Turning the rotors was once considered proper service. But these days the rotors are thinner (lighter) than they once were, and many cars have rotors that can not be turned because this would put them below the minimum specification for safe thickness.

Let's say, for example, the rotor is stamped with 120mm on the edge. This means that the minimum thickness is 120mm. If they are sitting now at 125, then the shop can only remove .005mm of material before the rotors are less than the specification, and it is not allowed for them to be less, so the shop can't turn them and they must be replaced in that case.

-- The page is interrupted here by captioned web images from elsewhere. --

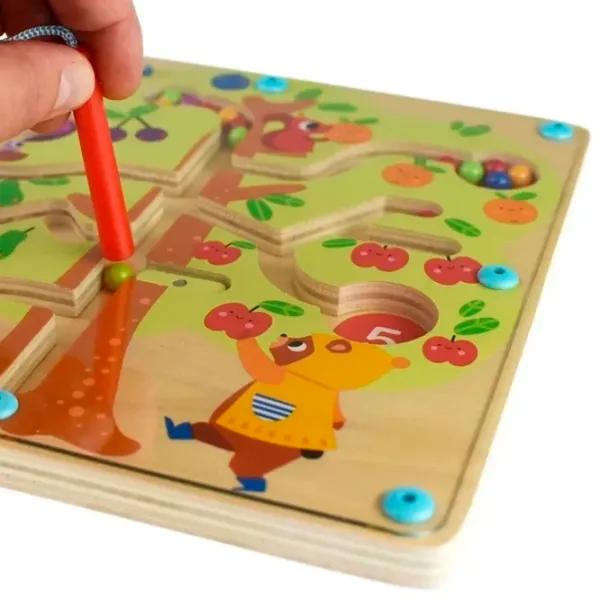 Развивающий набор Tooky Toy TH687 2+/ Развитие photo 2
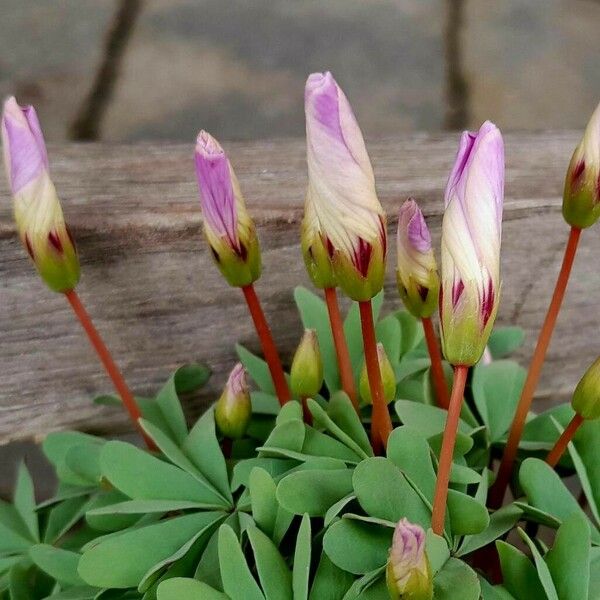 Oxalis adenophylla Flors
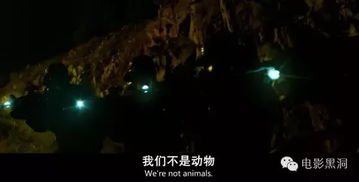 风水格局里的鬼影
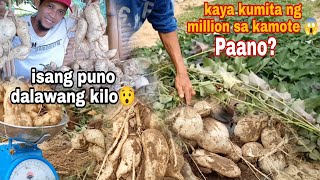 Sweet potato o Kamote isang puno dalawang kilo  ang laman😯 at kayang kumita ng million sa kamote.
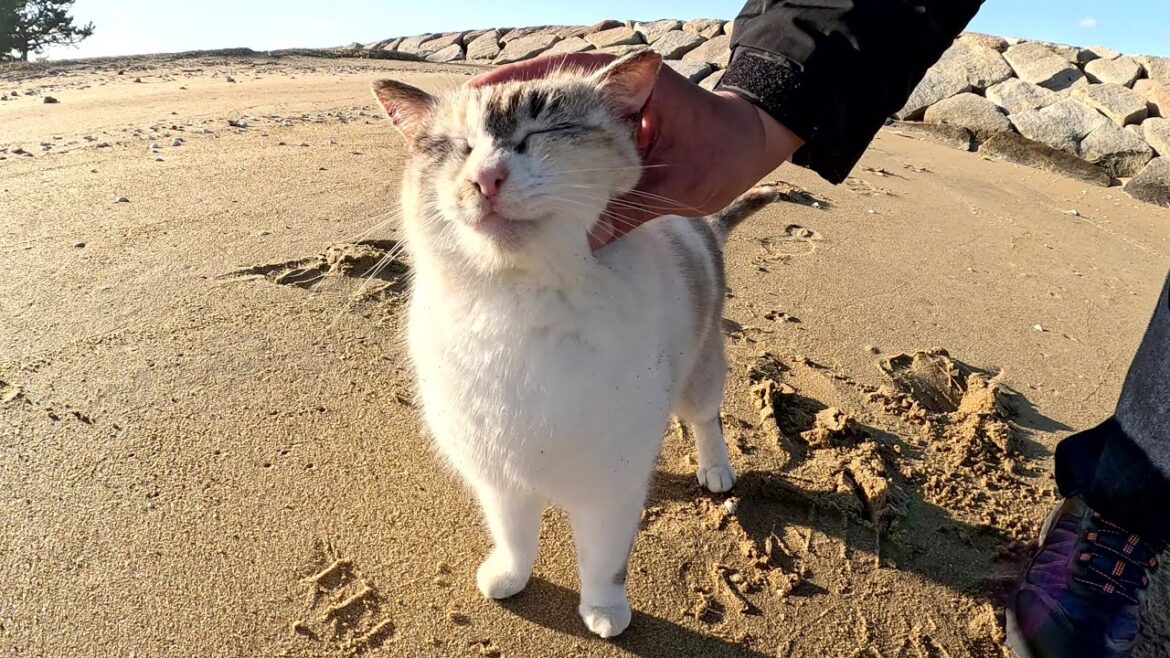 美しいシャムミックス猫が砂浜で人間とたわむれる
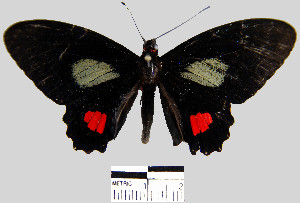  (Parides erithalion sadyattes - YB-BCI6244)  @14 [ ] No Rights Reserved  Unspecified Unspecified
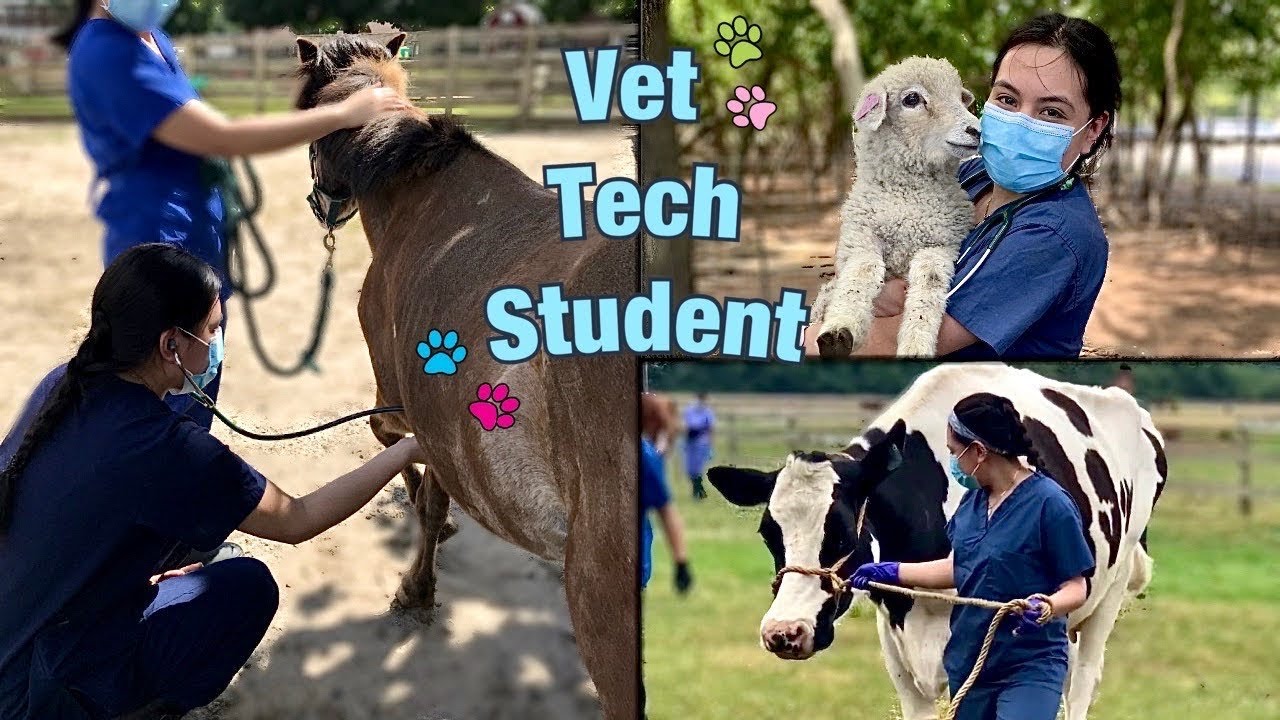 Day In My Life As a Vet Tech Student - Farm Animals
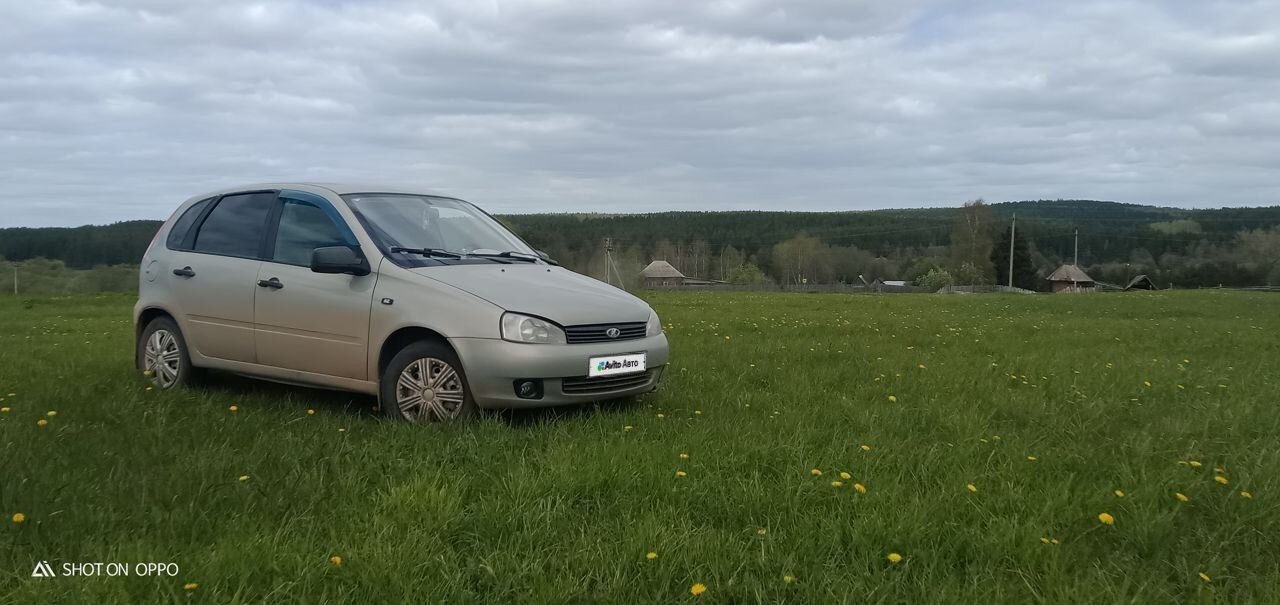 ВАЗ (LADA) Kalina: фото владельца
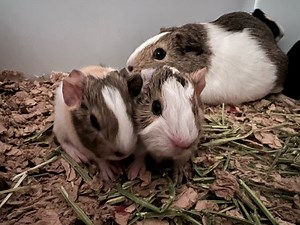 Glut Of Guinea Pigs Spurs Pet Adoption Fee-Free Weekend At Salem Animal Shelter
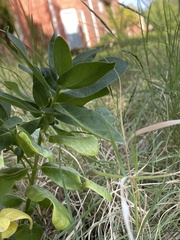 Asclepias viridis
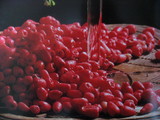 lillipili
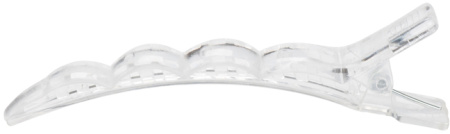 DBCH49transparent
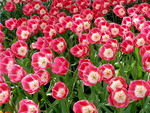Mùa hoa tulip ở New York 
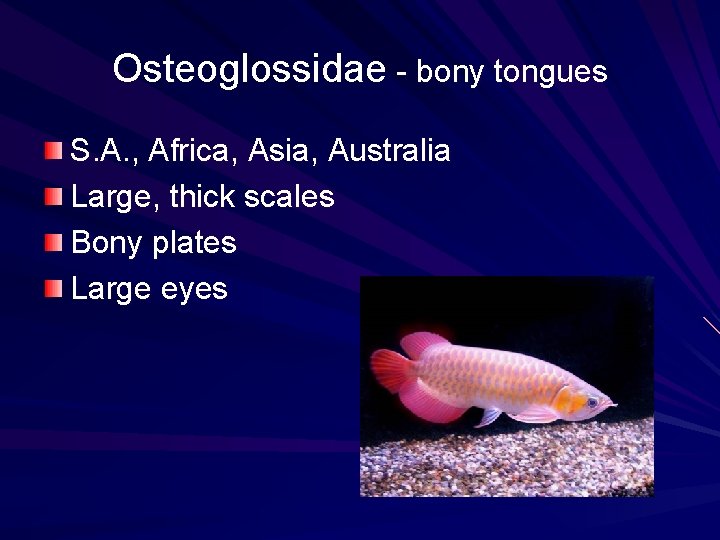 Osteoglossidae - bony tongues S. A. , Africa, Asia, Australia Large, thick scales Bony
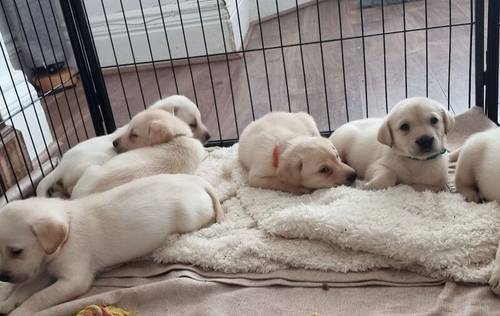 KC Reg HEALTH TESTED Yellow White Labrador Puppies for sale in Manchester, Greater Manchester - Image 2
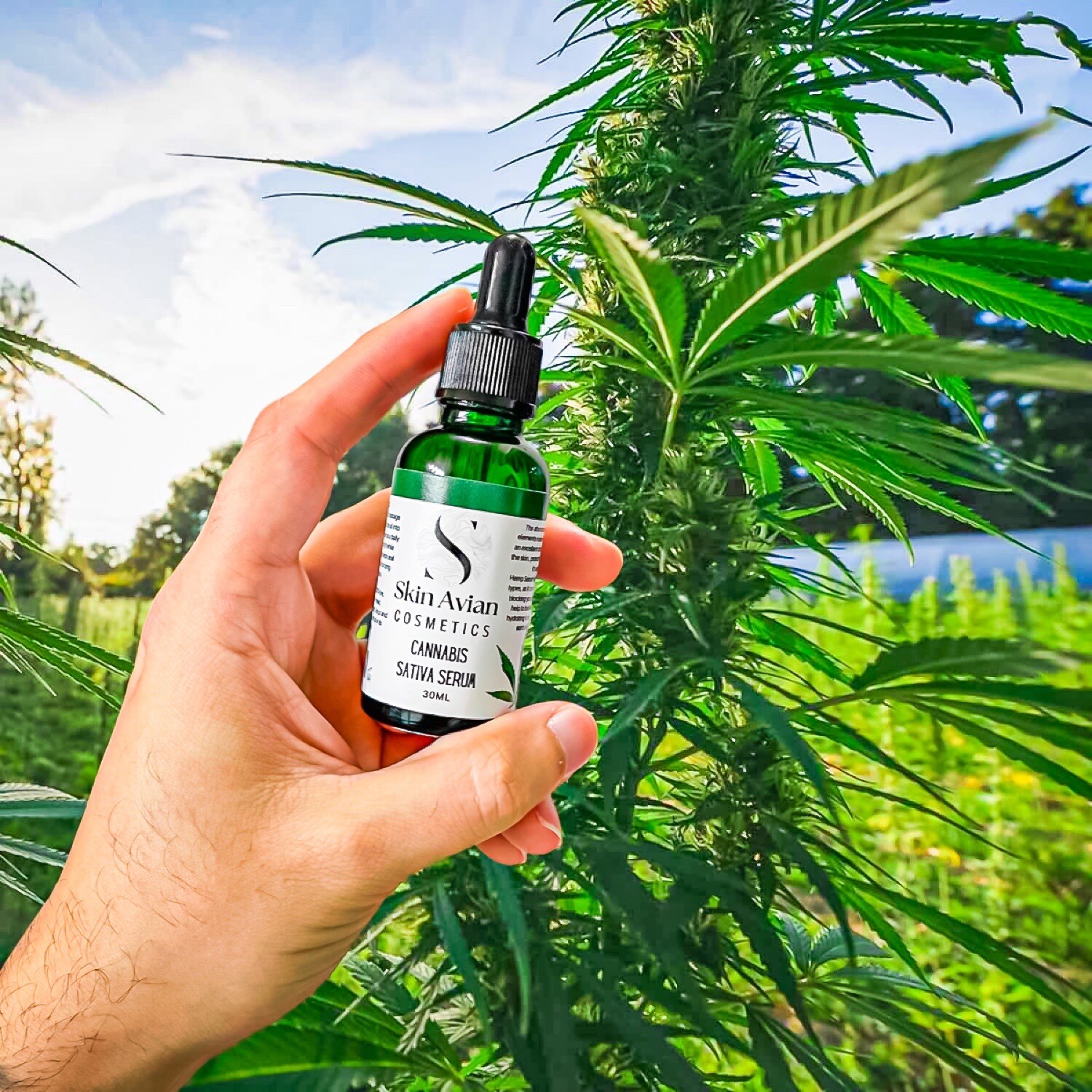 Cannabis Sativa Serum-Hemp Oil
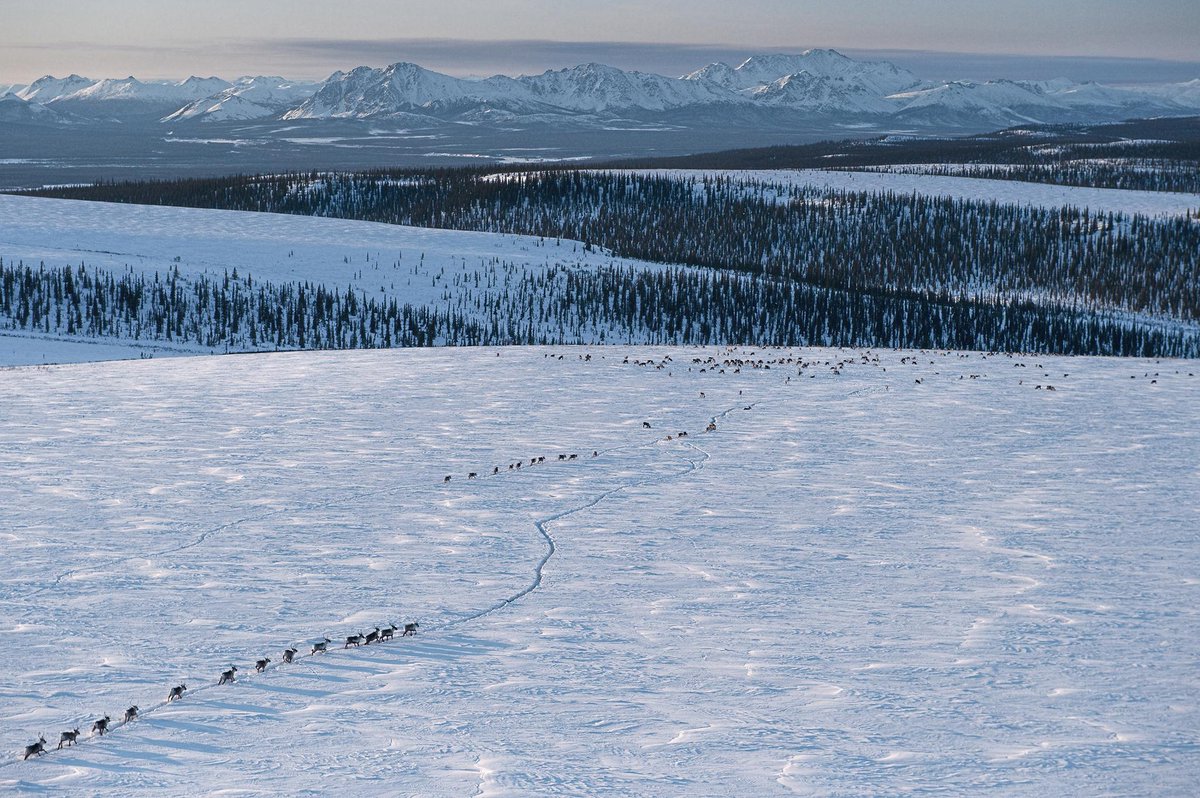 patagonia tweet picture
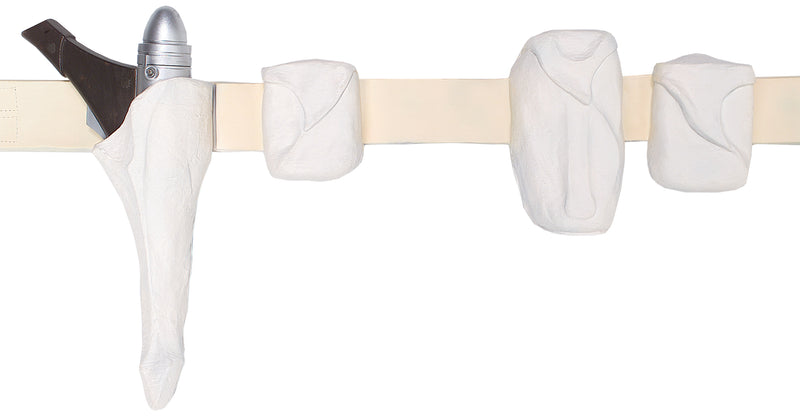 Amidala Holster And Blaster - image 1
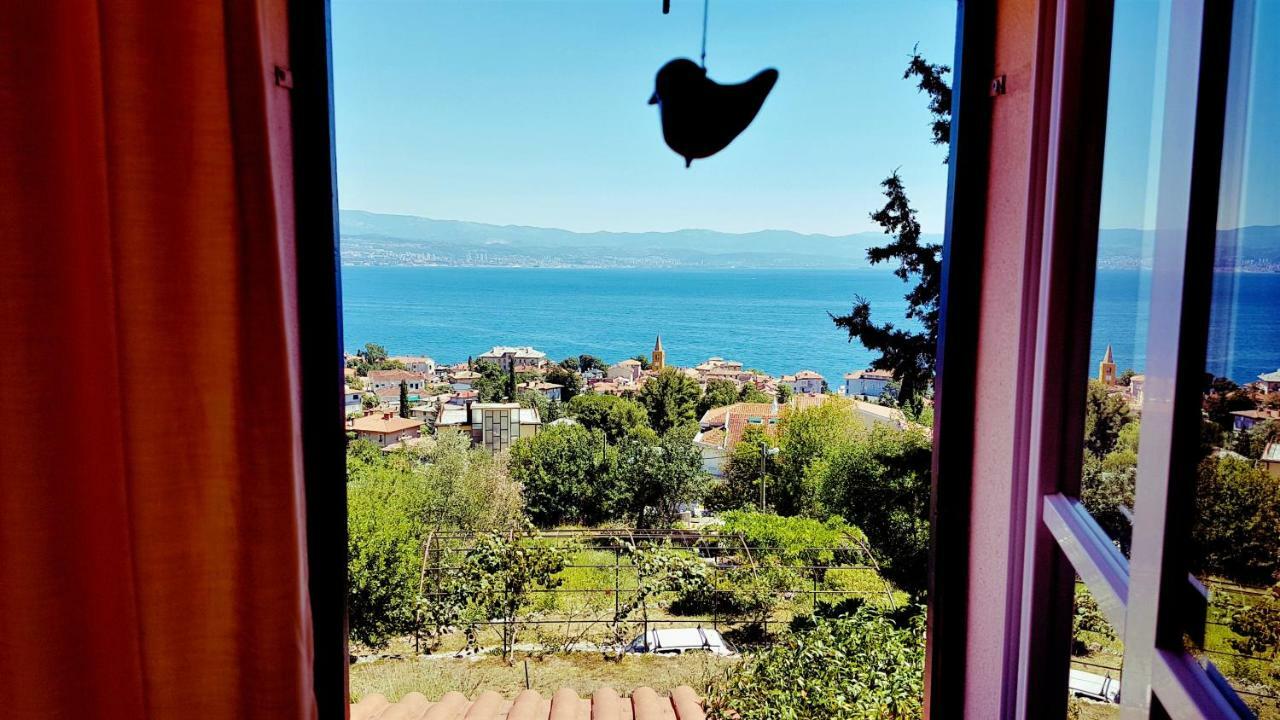 Panoramic Apartment *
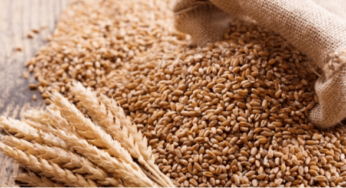 FG Moves To Boost Wheat Production With Locally Suitable Seedlings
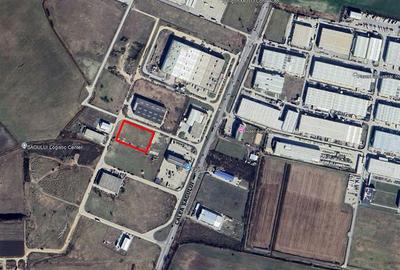 Teren Construcții intravilan de 10800 mp, în Șagului
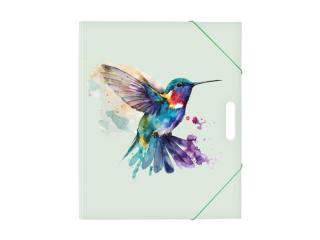 zložka na výkresy A4 kolibrík 5371057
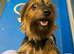 rehome yorkies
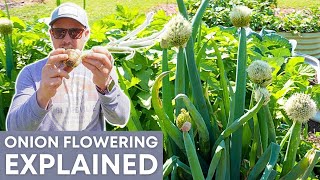 What To Do When Onions Flower? by Lazy Dog Farm 15,330 views 1 month ago 12 minutes, 19 seconds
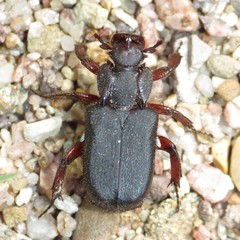 Cremastocheilus planipes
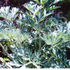 Wormwood ~ Seed packet, Eden Seeds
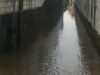 Curah Hujan Tinggi Picu Bencana Banjir di Kotawaringin Timur Ratusan Warga Terdampak
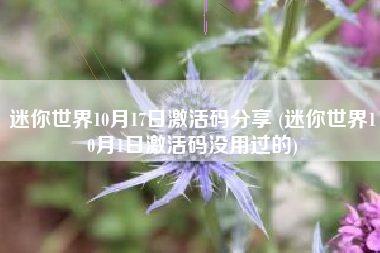 迷你世界10月17日激活码分享 (迷你世界10月1日激活码没用过的)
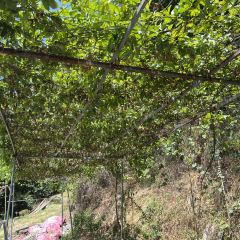 老鄉村農莊張用戶圖片
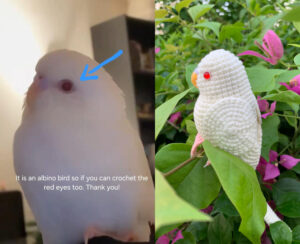 Custom Crocheted Albino Budgie Plush, Red-Eyed Parakeet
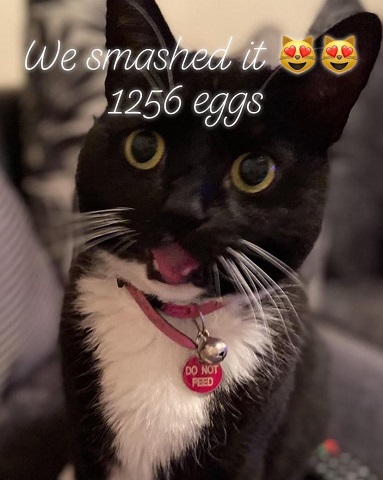 Splatter entitled 'We smashed it;  1,256 eggs and two heart-eye-cat emojis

If the rotors are warped - this causes the steering wheel to shake (sometimes violently) back and forth when stopping - then the shop has to calculate how much warpage there is, then determine if they cut of the high spots and leave the low ones so the rotors are flat again, will there be enough material left. Usually there is not enough material to clean up a warped rotor.

If the rotors have grooves cut in them, or slight ridges, then they probably do not need to be turned. The pads will seat around these ridges, but you have to take steps to seat them properly or the rotors will over heat and this causes them to warp. When you install new pads and do not turn the rotors, then you need to lightly apply the brakes several times to seat them If you go out and have to brake hard and the pads are not seated yet, then the heat can cause the rotors to warp.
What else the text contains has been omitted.